*** Opening of Source information ***

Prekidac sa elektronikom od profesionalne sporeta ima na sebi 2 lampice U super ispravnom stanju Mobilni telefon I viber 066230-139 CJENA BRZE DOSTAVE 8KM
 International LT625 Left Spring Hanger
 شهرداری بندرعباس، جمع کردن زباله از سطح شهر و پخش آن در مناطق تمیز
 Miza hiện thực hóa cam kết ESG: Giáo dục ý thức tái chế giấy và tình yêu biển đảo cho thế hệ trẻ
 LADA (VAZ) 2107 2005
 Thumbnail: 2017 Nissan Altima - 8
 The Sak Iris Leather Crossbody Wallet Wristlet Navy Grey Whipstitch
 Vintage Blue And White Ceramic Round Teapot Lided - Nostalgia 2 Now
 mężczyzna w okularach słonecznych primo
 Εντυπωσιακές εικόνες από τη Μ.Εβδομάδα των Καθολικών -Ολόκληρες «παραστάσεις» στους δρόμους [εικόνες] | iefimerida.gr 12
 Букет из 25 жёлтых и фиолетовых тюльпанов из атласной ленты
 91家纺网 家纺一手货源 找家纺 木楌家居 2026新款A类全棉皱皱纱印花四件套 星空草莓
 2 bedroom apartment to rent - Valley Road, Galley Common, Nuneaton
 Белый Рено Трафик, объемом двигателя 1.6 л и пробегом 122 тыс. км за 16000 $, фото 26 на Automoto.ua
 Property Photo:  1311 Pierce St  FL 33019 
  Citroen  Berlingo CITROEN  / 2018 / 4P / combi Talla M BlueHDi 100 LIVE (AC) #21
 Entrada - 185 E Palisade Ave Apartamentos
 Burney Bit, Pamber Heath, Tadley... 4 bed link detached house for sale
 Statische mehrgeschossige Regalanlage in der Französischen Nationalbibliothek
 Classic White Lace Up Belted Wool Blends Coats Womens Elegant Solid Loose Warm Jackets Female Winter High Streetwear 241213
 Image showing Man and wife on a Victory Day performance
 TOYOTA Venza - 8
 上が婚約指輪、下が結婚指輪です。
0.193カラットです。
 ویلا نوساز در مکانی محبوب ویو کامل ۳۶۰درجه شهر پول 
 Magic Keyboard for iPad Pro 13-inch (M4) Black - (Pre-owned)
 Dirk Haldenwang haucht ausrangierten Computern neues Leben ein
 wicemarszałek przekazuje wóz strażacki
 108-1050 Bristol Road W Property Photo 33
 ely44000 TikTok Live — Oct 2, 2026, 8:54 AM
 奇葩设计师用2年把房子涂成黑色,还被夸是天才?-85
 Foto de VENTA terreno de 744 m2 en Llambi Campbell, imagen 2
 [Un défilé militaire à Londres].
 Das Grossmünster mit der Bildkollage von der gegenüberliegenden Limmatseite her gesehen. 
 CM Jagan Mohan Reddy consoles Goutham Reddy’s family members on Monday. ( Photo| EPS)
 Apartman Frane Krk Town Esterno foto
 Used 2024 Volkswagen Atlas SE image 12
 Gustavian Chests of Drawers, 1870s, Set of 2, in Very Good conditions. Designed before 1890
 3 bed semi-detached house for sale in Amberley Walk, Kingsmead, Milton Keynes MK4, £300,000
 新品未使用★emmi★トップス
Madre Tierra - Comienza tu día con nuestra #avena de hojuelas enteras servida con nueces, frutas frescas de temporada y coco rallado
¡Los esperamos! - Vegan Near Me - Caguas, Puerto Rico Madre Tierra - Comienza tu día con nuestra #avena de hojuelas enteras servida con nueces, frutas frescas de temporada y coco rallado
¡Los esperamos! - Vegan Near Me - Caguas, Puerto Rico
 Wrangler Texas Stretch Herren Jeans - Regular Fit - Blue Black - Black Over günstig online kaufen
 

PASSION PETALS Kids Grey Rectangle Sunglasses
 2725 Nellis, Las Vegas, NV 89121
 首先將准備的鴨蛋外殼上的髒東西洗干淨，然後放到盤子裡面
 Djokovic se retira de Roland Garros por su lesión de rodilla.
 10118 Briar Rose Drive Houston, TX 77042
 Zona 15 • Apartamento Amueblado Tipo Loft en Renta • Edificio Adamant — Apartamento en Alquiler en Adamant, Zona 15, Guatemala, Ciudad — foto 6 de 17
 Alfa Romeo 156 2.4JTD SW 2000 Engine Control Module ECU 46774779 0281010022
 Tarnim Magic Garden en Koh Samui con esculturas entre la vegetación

*** Close of Source information ***

Task requirements =>
Your answer must consist of every line above, transcribed verbatim.

Response to this exercise =>
Prekidac sa elektronikom od profesionalne sporeta ima na sebi 2 lampice U super ispravnom stanju Mobilni telefon I viber 066230-139 CJENA BRZE DOSTAVE 8KM
 International LT625 Left Spring Hanger
 شهرداری بندرعباس، جمع کردن زباله از سطح شهر و پخش آن در مناطق تمیز
 Miza hiện thực hóa cam kết ESG: Giáo dục ý thức tái chế giấy và tình yêu biển đảo cho thế hệ trẻ
 LADA (VAZ) 2107 2005
 Thumbnail: 2017 Nissan Altima - 8
 The Sak Iris Leather Crossbody Wallet Wristlet Navy Grey Whipstitch
 Vintage Blue And White Ceramic Round Teapot Lided - Nostalgia 2 Now
 mężczyzna w okularach słonecznych primo
 Εντυπωσιακές εικόνες από τη Μ.Εβδομάδα των Καθολικών -Ολόκληρες «παραστάσεις» στους δρόμους [εικόνες] | iefimerida.gr 12
 Букет из 25 жёлтых и фиолетовых тюльпанов из атласной ленты
 91家纺网 家纺一手货源 找家纺 木楌家居 2026新款A类全棉皱皱纱印花四件套 星空草莓
 2 bedroom apartment to rent - Valley Road, Galley Common, Nuneaton
 Белый Рено Трафик, объемом двигателя 1.6 л и пробегом 122 тыс. км за 16000 $, фото 26 на Automoto.ua
 Property Photo:  1311 Pierce St  FL 33019 
  Citroen  Berlingo CITROEN  / 2018 / 4P / combi Talla M BlueHDi 100 LIVE (AC) #21
 Entrada - 185 E Palisade Ave Apartamentos
 Burney Bit, Pamber Heath, Tadley... 4 bed link detached house for sale
 Statische mehrgeschossige Regalanlage in der Französischen Nationalbibliothek
 Classic White Lace Up Belted Wool Blends Coats Womens Elegant Solid Loose Warm Jackets Female Winter High Streetwear 241213
 Image showing Man and wife on a Victory Day performance
 TOYOTA Venza - 8
 上が婚約指輪、下が結婚指輪です。
0.193カラットです。
 ویلا نوساز در مکانی محبوب ویو کامل ۳۶۰درجه شهر پول 
 Magic Keyboard for iPad Pro 13-inch (M4) Black - (Pre-owned)
 Dirk Haldenwang haucht ausrangierten Computern neues Leben ein
 wicemarszałek przekazuje wóz strażacki
 108-1050 Bristol Road W Property Photo 33
 ely44000 TikTok Live — Oct 2, 2026, 8:54 AM
 奇葩设计师用2年把房子涂成黑色,还被夸是天才?-85
 Foto de VENTA terreno de 744 m2 en Llambi Campbell, imagen 2
 [Un défilé militaire à Londres].
 Das Grossmünster mit der Bildkollage von der gegenüberliegenden Limmatseite her gesehen. 
 CM Jagan Mohan Reddy consoles Goutham Reddy’s family members on Monday. ( Photo| EPS)
 Apartman Frane Krk Town Esterno foto
 Used 2024 Volkswagen Atlas SE image 12
 Gustavian Chests of Drawers, 1870s, Set of 2, in Very Good conditions. Designed before 1890
 3 bed semi-detached house for sale in Amberley Walk, Kingsmead, Milton Keynes MK4, £300,000
 新品未使用★emmi★トップス
Madre Tierra - Comienza tu día con nuestra #avena de hojuelas enteras servida con nueces, frutas frescas de temporada y coco rallado
¡Los esperamos! - Vegan Near Me - Caguas, Puerto Rico Madre Tierra - Comienza tu día con nuestra #avena de hojuelas enteras servida con nueces, frutas frescas de temporada y coco rallado
¡Los esperamos! - Vegan Near Me - Caguas, Puerto Rico
 Wrangler Texas Stretch Herren Jeans - Regular Fit - Blue Black - Black Over günstig online kaufen
 

PASSION PETALS Kids Grey Rectangle Sunglasses
 2725 Nellis, Las Vegas, NV 89121
 首先將准備的鴨蛋外殼上的髒東西洗干淨，然後放到盤子裡面
 Djokovic se retira de Roland Garros por su lesión de rodilla.
 10118 Briar Rose Drive Houston, TX 77042
 Zona 15 • Apartamento Amueblado Tipo Loft en Renta • Edificio Adamant — Apartamento en Alquiler en Adamant, Zona 15, Guatemala, Ciudad — foto 6 de 17
 Alfa Romeo 156 2.4JTD SW 2000 Engine Control Module ECU 46774779 0281010022
 Tarnim Magic Garden en Koh Samui con esculturas entre la vegetación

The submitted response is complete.